The SimOps pipeline is a dual-simulator architecture that separates policy production from policy validation, connected by an automated orchestration layer.

flowchart LR
    subgraph Training["Training Simulator"]
        direction TB
        RL[Reinforcement Learning]
        MJ[MuJoCo / Isaac Lab]
        PP[Policy Pool]
        RL --> MJ --> PP
    end

    subgraph Orchestrator["SimOps Orchestrator"]
        direction TB
        PC[Policy Candidate Selector]
        SC[Scenario Generator]
        FA[Failure Analyzer]
        PC --> SC
        FA --> PC
    end

    subgraph Validation["Validation Simulator"]
        direction TB
        AGX[AGX Dynamics]
        UE5[Unreal Engine 5]
        SM[Sensor Models]
        AGX <--> UE5
        UE5 --> SM
    end

    subgraph Output["Deployment"]
        direction TB
        HW[Hardware Ready Policy]
        RPT[Validation Report]
    end

    PP --> PC
    SC --> AGX
    SM --> FA
    FA -->|Pass| HW
    FA -->|Fail| Training
    FA --> RPT

Training Simulator Stack

The training side is optimized for massive parallelism and fast iteration.

MuJoCo + Isaac Lab

Component Role Key Specs
MuJoCo Core physics engine for RL training GPU-accelerated, 10,000+ envs parallel
Isaac Lab RL framework on top of Isaac Sim Built-in task definitions, domain randomization
Policy format Trained neural network weights PyTorch / ONNX export

Training Loop Characteristics

Timestep:        ~2ms (500Hz control loop)
Parallelism:     1,000–10,000 environments
Sim speed:       ~10,000× real-time (per GPU)
Physics fidelity: Simplified (rigid body, basic contact)
Training time:   Hours to days per policy iteration

Why 500Hz?

Humanoid robots require high-frequency control loops (500Hz–1kHz) for joint impedance control and balance. The training simulator must match this frequency to produce policies that are transferable to real hardware.

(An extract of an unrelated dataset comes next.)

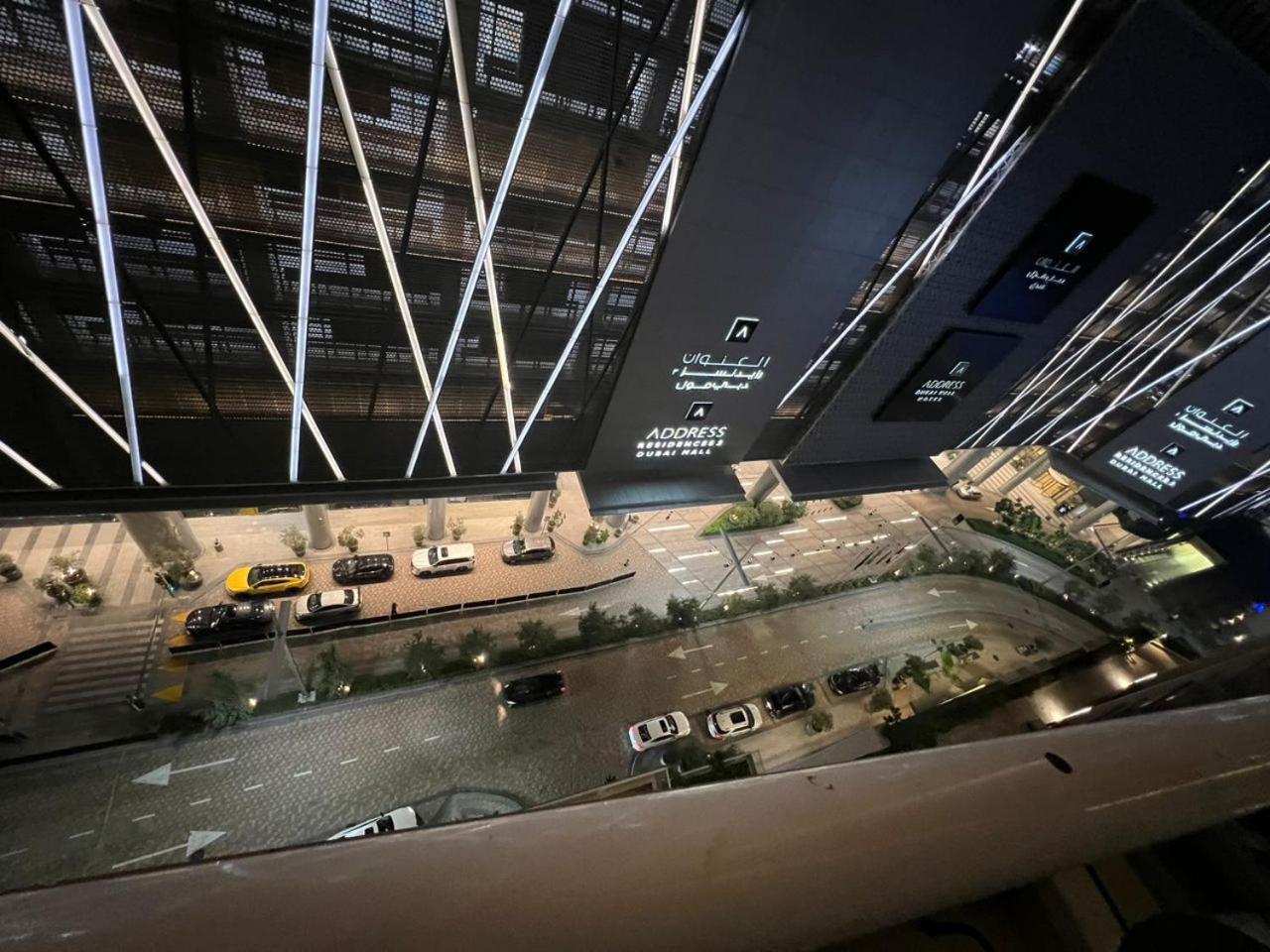Downtown Holiday'S - 1 Min To Dubai Mall & Burj Khalifa Hostel Kültér fotó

Validation Simulator Stack

The validation side is optimized for physical accuracy and sensor realism.

AGX Dynamics + Unreal Engine 5 (Co-Simulation)

flowchart TB
    subgraph CoSim["Co-Simulation Architecture"]
        AGX["AGX Dynamics<br/>(Physics Engine)"]
        UE5["Unreal Engine 5<br/>(Rendering + Sensors)"]
        SYNC["Synchronization Layer<br/>(Deterministic Timestep Lock)"]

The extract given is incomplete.